An evening with Joelle Taylor and Friends
10 October 2025 • 7:30pm • 1 hour 30 mins
Auditorium
General Admission: £20 / Festival Supporter: £25 / Concession: £15 / Student Ticket: £5
With Joelle Taylor, Keith Jarrett and Ollie O’Neill
After a stunning performance at The Coast is Queer in 2023, Polari and T.S. Elliot Prize winning writer, Joelle Taylor returns to read from her glorious 2024 novel of interconnecting stories The Night Alphabet. Joining Joelle will be Keith Jarrett, an award-winning poet, teacher and slam champion, and Ollie O’Neil, Barbican Young Poet 2019-20.
Joelle Taylor is the author of 4 collections of poetry.
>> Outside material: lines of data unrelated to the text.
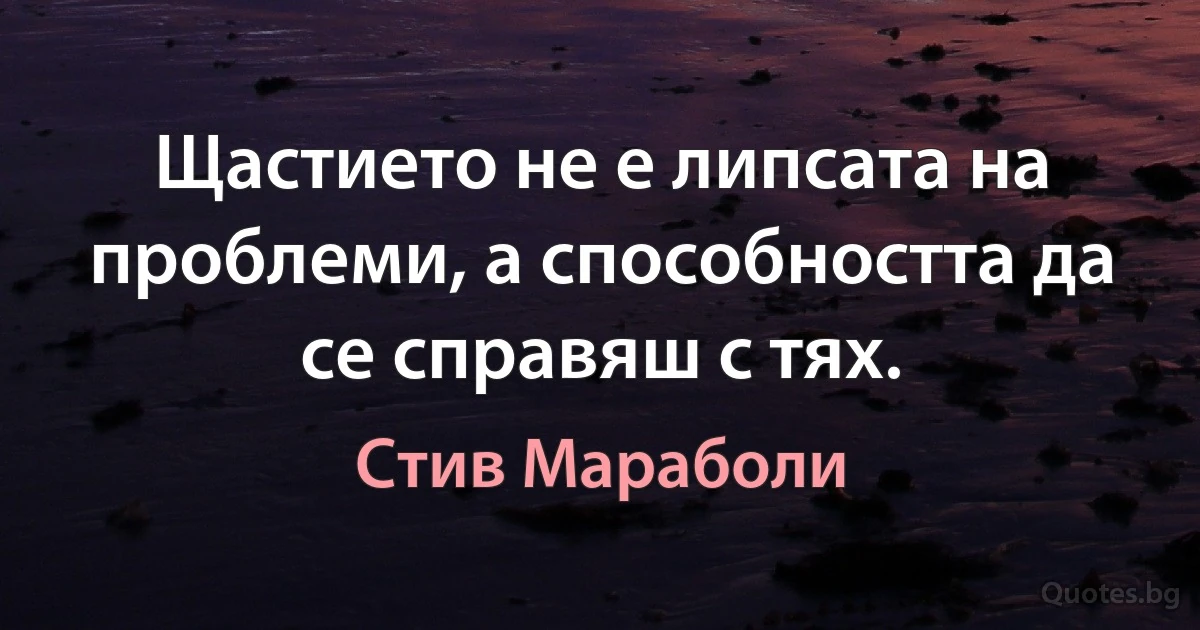 Щастието не е липсата на проблеми, а способността да се справяш с тях. (Стив Мараболи)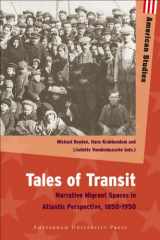 9789089645289-9089645284-Tales of Transit: Narrative Migrant Spaces in Atlantic Perspective, 1850-1950 (American Studies)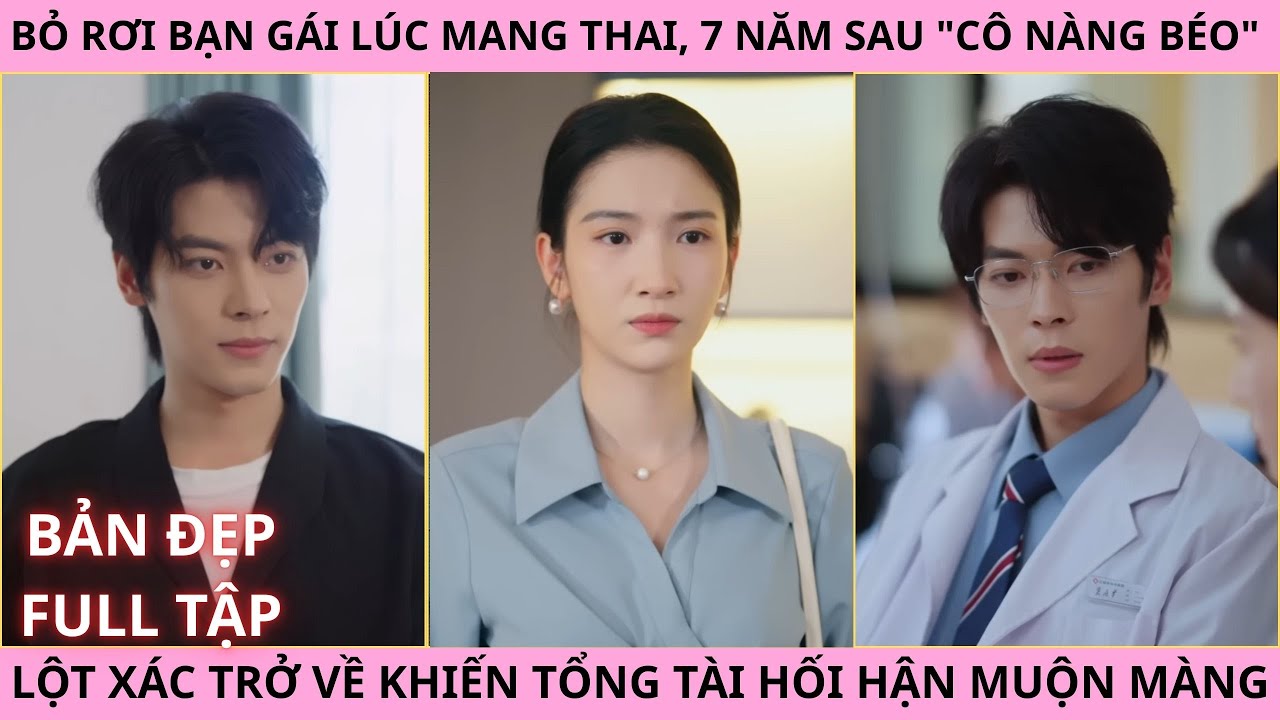 Sương Mù Giăng Lối Full. Bỏ Rơi Bạn Gái Mang Thai, Cô Nàng Béo Lột Xác Trở Về Khiến Tổng Tài Hối Hận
Her most recent collection C+NTO & Othered Poems won the 2021 T.S Eliot Prize, and the 2022 Polari Book Prize for LGBT authors. C+NTO is currently being adapted for theatre with a view to touring. She is a co- curator and host of Out-Spoken Live at the Southbank Centre, and tours her work nationally and internationally in a diverse range of venues, from Australia to Brazil. She is also a Poetry Fellow of University of East Anglia and the curator of the Koestler Awards 2023. She has judged several poetry and literary prizes including Jerwood Fellowship, the Forward Prize, and the Ondaatje Prize. Her novel of interconnecting stories The Night Alphabet was published by Riverrun in Spring of 2024. She is a Fellow of the Royal Society of Literature, and the 2022 Saboteur Spoken Word Artist of the Year. Her most recent acting role was in Blue by Derek Jarman, which was directed by Neil Bartlett and featured Russell Tovey, Jay Bernard, and Travis Alabanza. Blue sold out its run across the UK and more dates are expected for the future.
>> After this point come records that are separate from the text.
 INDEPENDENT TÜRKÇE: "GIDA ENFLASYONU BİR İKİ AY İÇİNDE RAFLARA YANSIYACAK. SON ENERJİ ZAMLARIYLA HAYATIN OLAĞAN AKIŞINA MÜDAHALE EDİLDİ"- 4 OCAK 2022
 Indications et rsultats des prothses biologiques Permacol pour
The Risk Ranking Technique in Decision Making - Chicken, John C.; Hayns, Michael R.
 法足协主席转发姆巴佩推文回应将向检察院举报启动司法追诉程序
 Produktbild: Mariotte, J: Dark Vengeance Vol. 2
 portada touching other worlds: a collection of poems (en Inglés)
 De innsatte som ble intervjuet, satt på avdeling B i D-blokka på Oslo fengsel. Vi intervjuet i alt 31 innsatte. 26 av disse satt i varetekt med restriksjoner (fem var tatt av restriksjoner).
Ollie O’Neill is a writer and lesbian feminist from London. She is the author of two pamphlets (Ways of Coping with Out-Spoken Press and Be/Coming with Blown Rose Books), as well as a full length collection (What We Are Given with Write Bloody UK). She has had singular poems occur in issues of Magma, Bath Magg, Fourteen Poems, and And Other Poems and has read at venues such as The Institute of Contemporary Arts, Royal Festival Hall, Soho Theatre, and on BBC Radio London. Her work is concerned with lineage, lesbianism, and the female experience. In 2023, she graduated with an MA in Writing from The Royal College of Art having produced a series of texts and text-based visual works on these topics. She is currently working on a new poetry collection.
Keith Jarrett’s work explores Caribbean British history, religion and sexuality. A multiple poetry slam champion, he was selected for the International Literary Showcase as an outstanding LGBT writer. His poem, ‘From the Logbook’, was projected onto St. Paul’s Cathedral. His play, Safest Spot in Town, was performed at the Old Vic and aired on BBC Four. Keith has been widely anthologised, writing across poetry, fiction and essay forms. He appeared in the first series of Benjamin Zephaniah’s BAFTA-winning show Life & Rhymes and has featured in documentaries on Black queer history. He is a Lambda Literary and an Obsidian Fellow, and holds a PhD from Birkbeck University, where he was awarded the Bloomsbury Studentship. He currently teaches at New York University in London. His collection, Selah, debuted in 2017; his next is forthcoming in 2026.